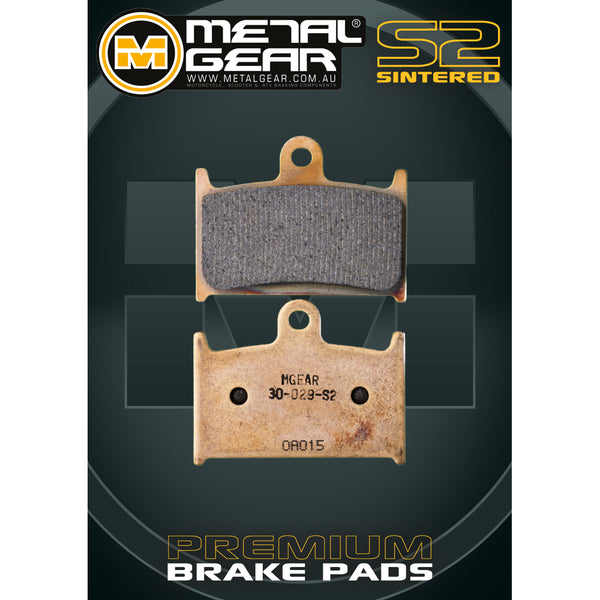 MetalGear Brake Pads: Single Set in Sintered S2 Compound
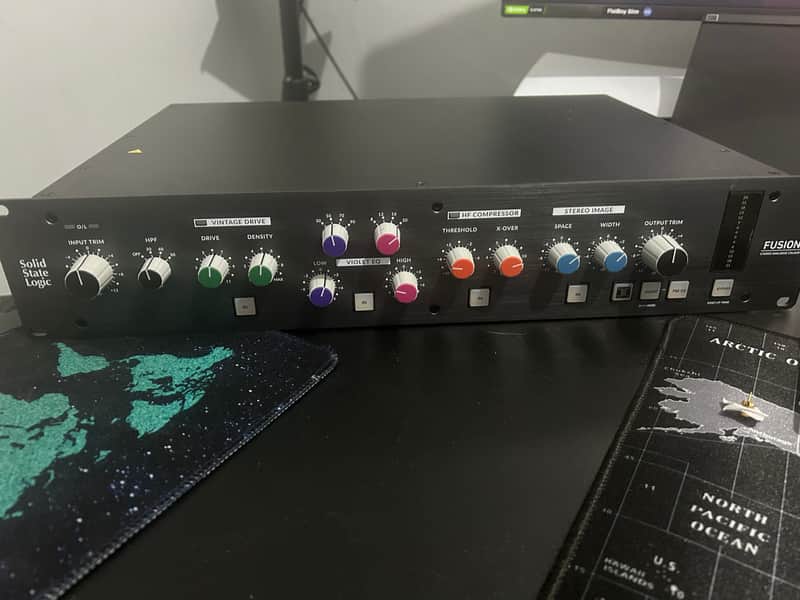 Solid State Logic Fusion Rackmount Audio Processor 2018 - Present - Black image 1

...

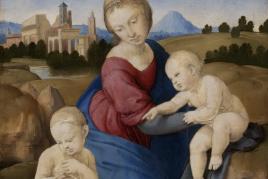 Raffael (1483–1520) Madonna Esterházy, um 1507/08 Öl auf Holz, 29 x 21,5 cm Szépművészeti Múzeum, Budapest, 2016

--

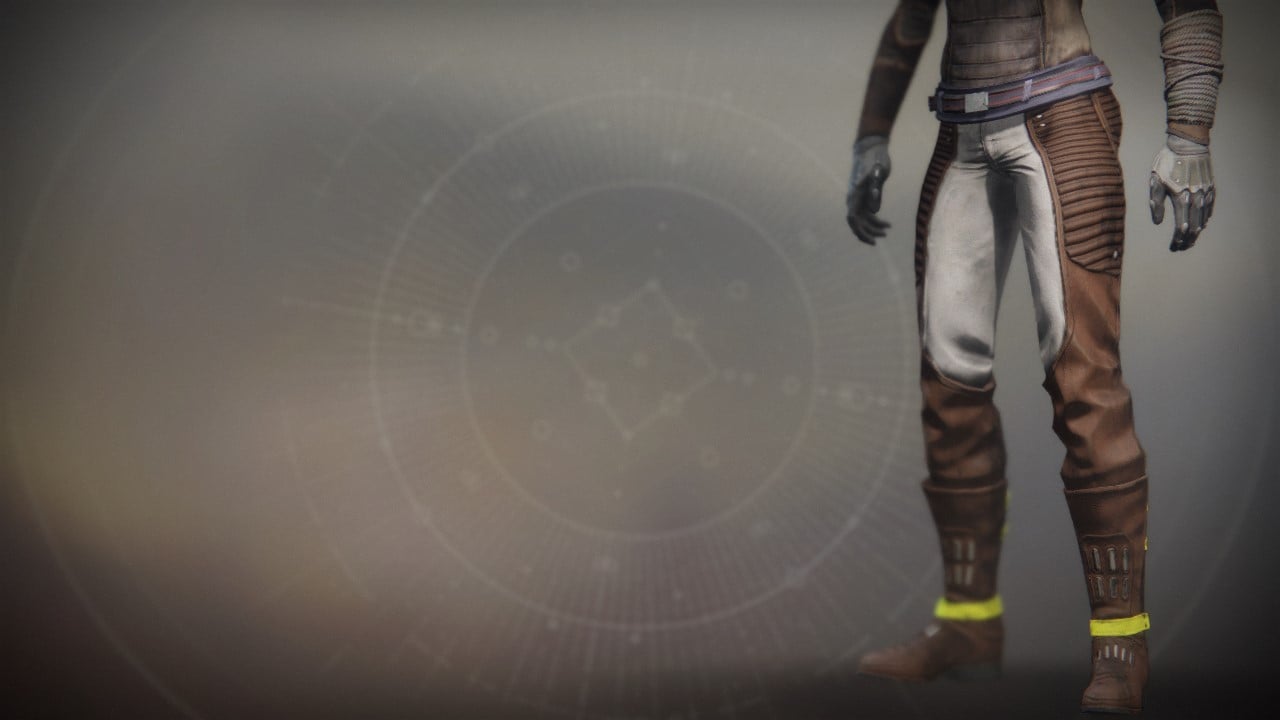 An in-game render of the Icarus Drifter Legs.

- **DIRECTIONS**
Among the entries above, locate the line with "MetalGear Brake Pads: Single" and the line with "Solid State Logic". Give those two lines and all lines between them again, exactly, leaving out the pictures.

- **RESPONSE TO THIS TASK**
 MetalGear Brake Pads: Single Set in Sintered S2 Compound
 Solid State Logic Fusion Rackmount Audio Processor 2018 - Present - Black image 1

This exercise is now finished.